You look in the mirror and pick at the scab on your cheek, it drools with blood and you push it into your lips again, imagining it's his hand, you don't scold yourself this time, you tell yourself you'll never see him again. Then you lift your shirt and stare at the gash he left you, blood still smeared around the edges of the huge plaster they gave you at the hospital. You brush your teeth and spit out blood and teeth. When you blink all you see is the foamy toothpaste down the sink, you think you're going mad, its stress you tell yourself it's nothing to worry about. You open your wardrobe and black slime oozes out of it.
Your mom phones you at 8 before class, you tell her you're fine (your not)that you've been going to therapy(you haven't) that you've stopped drinking(likely chance)that that article she read on her phone was correct and you did see that killer that's been going round but your safe you promise( this is true, but your not safe, not even from yourself)
You head to college again and ignore the rumours going around about how you got stabbed by the killer, people ask about the scratch on your face and you tell them it was your cat that you don't own.
You go back home and cry at a video of a rat dancing in the rain, you scratch at the cut on your face until it bleeds again with your hand in between your thighs, stomach aching as you crumble into a shit position,you think about that night until you come over and over in your bed, sheets sticking to your body with sweat.
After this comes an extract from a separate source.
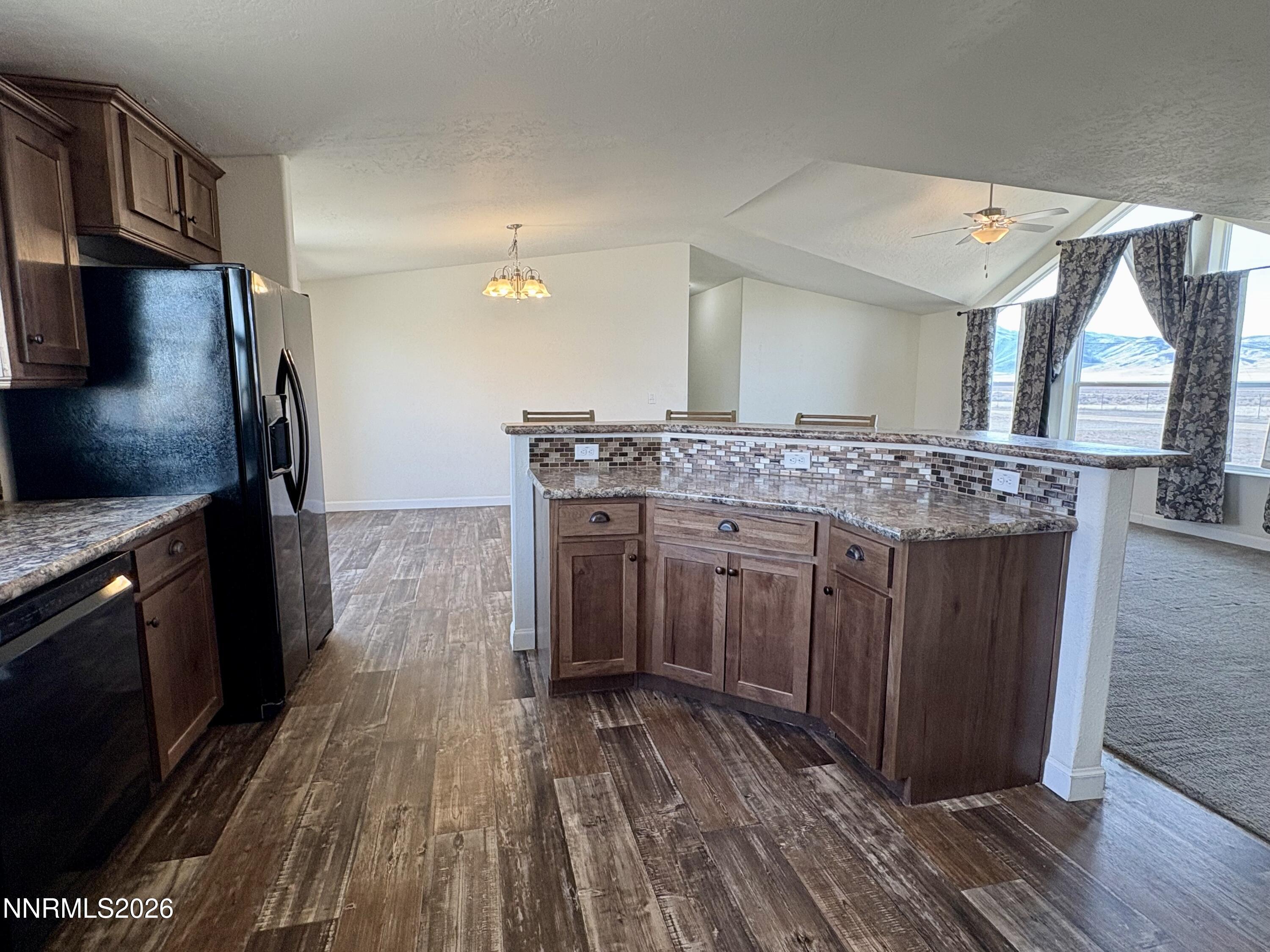 1415 Van Diest Road Winnemucca, NV 89445 - Photo 14 of 34 a kitchen with stainless steel appliances granite countertop a stove and a wooden floors
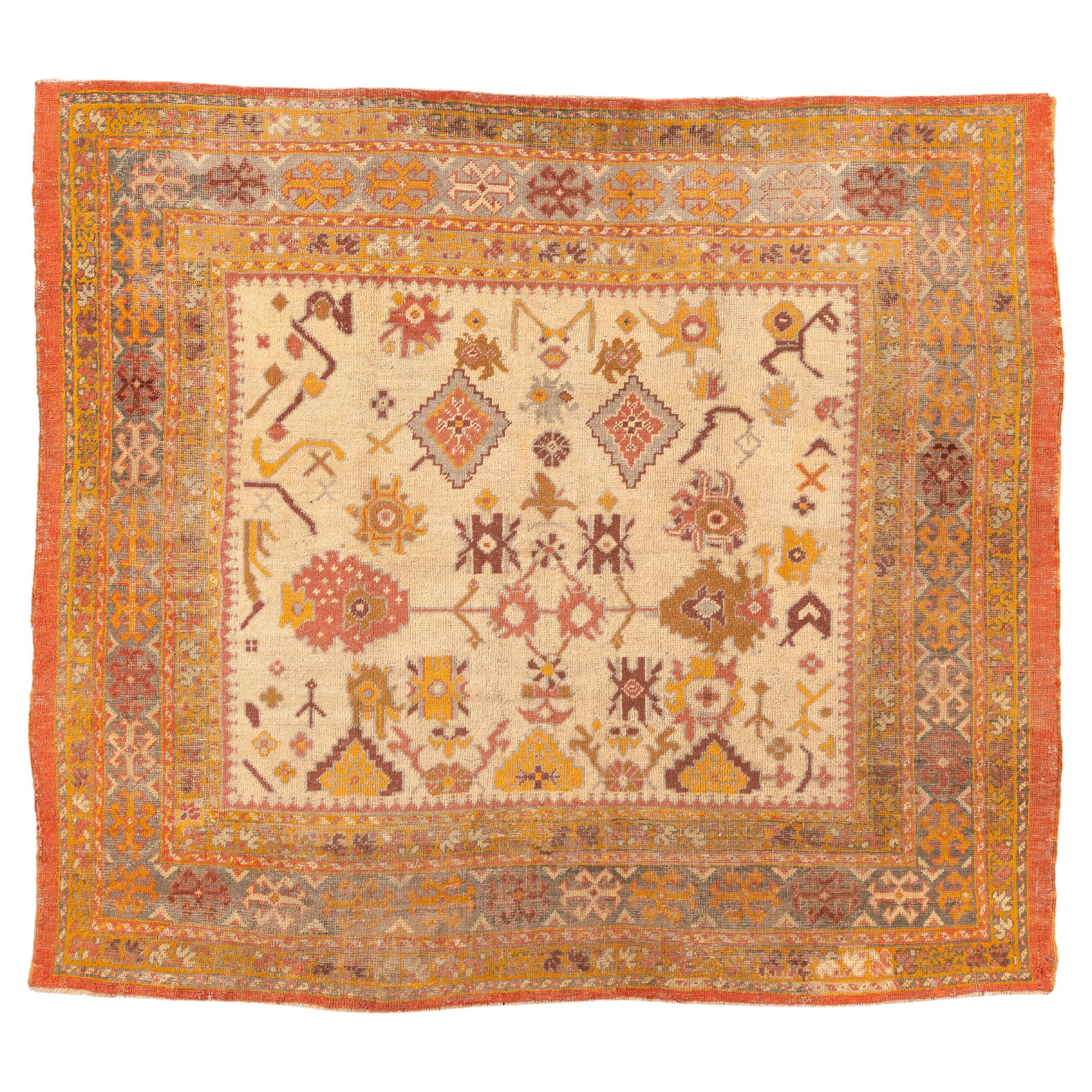 Vintage Turkish Oushak Rug in Ivory with Warm Coral and Saffron Accents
You take a shower and close your eyes under the burning hot water, you catch your knee while using a cheap men’s razor shaving and watch the blood run into the water like psycho, you watch a western movie on tv, James dean rides a horse with a cigarette hanging out his mouth as he smirks in black and white. 
You don't take a sleeping pill that night and stare into the popcorn ceiling until you witness cosmic horror beyond your own belief, you face stares back at you and then its eyes are torn from its head, you watch a body be exsanguinated and then flayed and sewn back together again and blood is pumped back into your body, you see that boys body as a car drives past, the way the blood trailed down his neck like a red scarf.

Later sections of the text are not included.